Cinematic Song

Cinematic Song September 8, 2015

Josh Timmermann suggests that Terrence Malick’s To the Wonder takes its cues not from love stories but from love songs – one in particular, the Song of Songs:

“Its narrative logic is specifically poetic. Its structure is built carefully upon a cadence of clear, beautiful rhymes and faint yet significant echoes; its entrances and exits, its tender highs and lows of romantic and spiritual feeling, are as perfectly timed and breathlessly sustained as the lovers’ back-and-forth in the Song of Songs. The mood of the film shifts mercurially as presence (the ebullience and unity of sexual consummation, the tenderness of shared companionship) shifts to absence: ‘In my bed by night I sought him whom my soul loveth: I sought him, and I found him not,’ laments the woman in the Song of Songs, ‘I will rise, and will go about the city: in the streets and the broad ways I will seek him whom my soul loveth: I sought him, and I found him not’ (3:1-2).”

The sense of love’s absence, its elusiveness, is evident in the love story between Neil and Marina, Marina taking on the features of a hortus conclusus, the enclosed garden common to the Song, to medieval poetry, and to the visual imagery of the film. 
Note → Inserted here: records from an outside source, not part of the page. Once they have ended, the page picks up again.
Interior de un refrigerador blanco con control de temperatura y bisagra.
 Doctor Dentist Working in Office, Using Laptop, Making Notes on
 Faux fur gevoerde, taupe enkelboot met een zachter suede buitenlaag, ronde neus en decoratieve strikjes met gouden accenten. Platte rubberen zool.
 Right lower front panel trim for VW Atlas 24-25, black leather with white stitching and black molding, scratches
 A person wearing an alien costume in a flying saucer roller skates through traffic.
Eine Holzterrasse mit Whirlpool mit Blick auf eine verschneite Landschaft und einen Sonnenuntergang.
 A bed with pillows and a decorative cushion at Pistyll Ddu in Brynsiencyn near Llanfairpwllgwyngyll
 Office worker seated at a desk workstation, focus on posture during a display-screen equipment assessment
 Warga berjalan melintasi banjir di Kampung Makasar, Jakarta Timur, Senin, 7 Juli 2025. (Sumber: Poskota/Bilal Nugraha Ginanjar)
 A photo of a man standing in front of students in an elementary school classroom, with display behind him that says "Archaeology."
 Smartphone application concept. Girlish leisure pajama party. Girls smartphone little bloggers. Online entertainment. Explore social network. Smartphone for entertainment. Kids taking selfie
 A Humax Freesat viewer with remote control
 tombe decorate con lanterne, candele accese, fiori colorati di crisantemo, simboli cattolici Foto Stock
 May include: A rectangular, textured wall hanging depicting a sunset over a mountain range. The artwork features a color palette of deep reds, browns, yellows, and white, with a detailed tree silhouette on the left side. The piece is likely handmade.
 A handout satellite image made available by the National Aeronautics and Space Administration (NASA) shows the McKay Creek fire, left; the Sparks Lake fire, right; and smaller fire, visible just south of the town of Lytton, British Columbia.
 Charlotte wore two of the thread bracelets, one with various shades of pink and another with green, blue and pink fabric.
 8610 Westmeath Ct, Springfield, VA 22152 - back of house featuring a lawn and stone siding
The Song’s allegorical dimensions are also present, in the longing of the priest, Father Quintana, for the touch of God: “Malick, in effect, has it both ways, in these loosely intertwined narrative strands: the erotic interaction of the man and woman in the Song of Songs is re-played in the voices and physical movements of Kurylenko and Affleck (whose characters, though named in the credits, are nearly as archetypal as the biblical lovers), while the Song’s allegorical representation of Christ and his Church is embodied in Bardem’s priest.”